Time to introduce to another web portal launched this month, this one called Earthzine. It’s a webzine created by dedicated volunteers involved in Earth observation offering fresh perspective on the state of the planet.
My contribution to the launch is an interview with Rob Adam, who emerged from political incarceration during Apartheid to help lead South Africa’s scientific and technological renaissance. I spoke to Adam primarily about his role in GEO, an international collaboration to foster global sharing of oceanic, terrestrial and satellite-based Earth observations. Among other things, GEO could be a critical step towards better modeling of climate change.
Adam made two noteworthy observations on the energy challenge. One was the fact that coal has lost some of its shine even in South Africa, which needs energy to meet its development goals. Some of the many new coal-fired power projects in the offing there are being converted to nuclear projects (which he oversees as CEO of the South African Nuclear Energy Corporation). Adam explains that South Africa wants to pull its weight in the fight against climate change, but also that its leadership recognized that at some point in the future even this developing nation would have to pay the full price of coal — including its environmental costs. The net result, says Adam, is “a profound effect on the thinking on energy production and energy generation in South Africa.”

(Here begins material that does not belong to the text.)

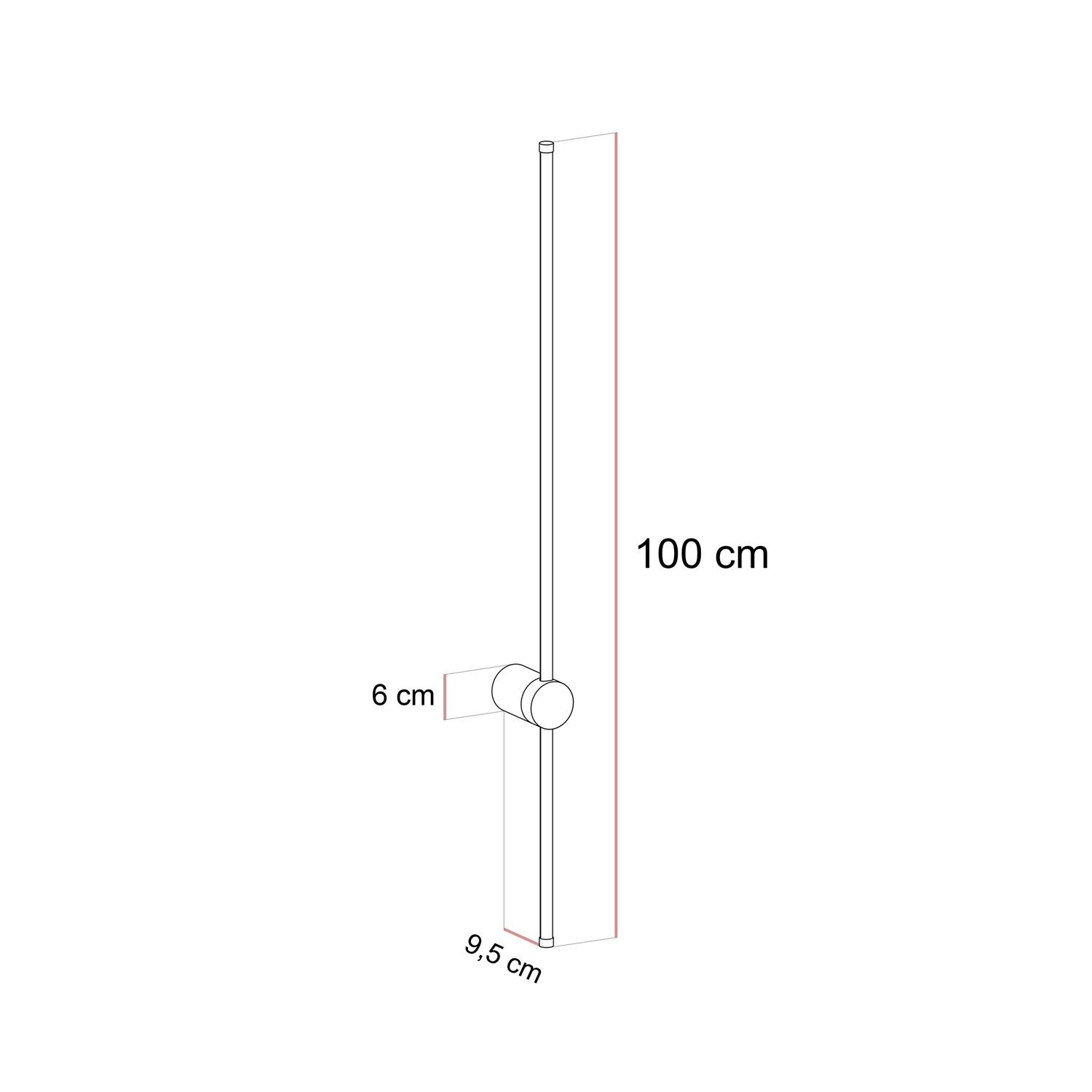 Kinkiet ścienny LED GET LIGHT 100 cm – złoto szczotkowane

More profound to me was another comment by Adam, this time on the value of better modeling of weather and climate for renewable energy. Why? Because most renewable energy, as he points out, depends on the weather. How do you project where to put a wind farm or how much energy a solar park will produce if historic patterns of wind flow and cloud cover no longer hold? “The biggest challenge for renewables,” says Adam, “is climate change.”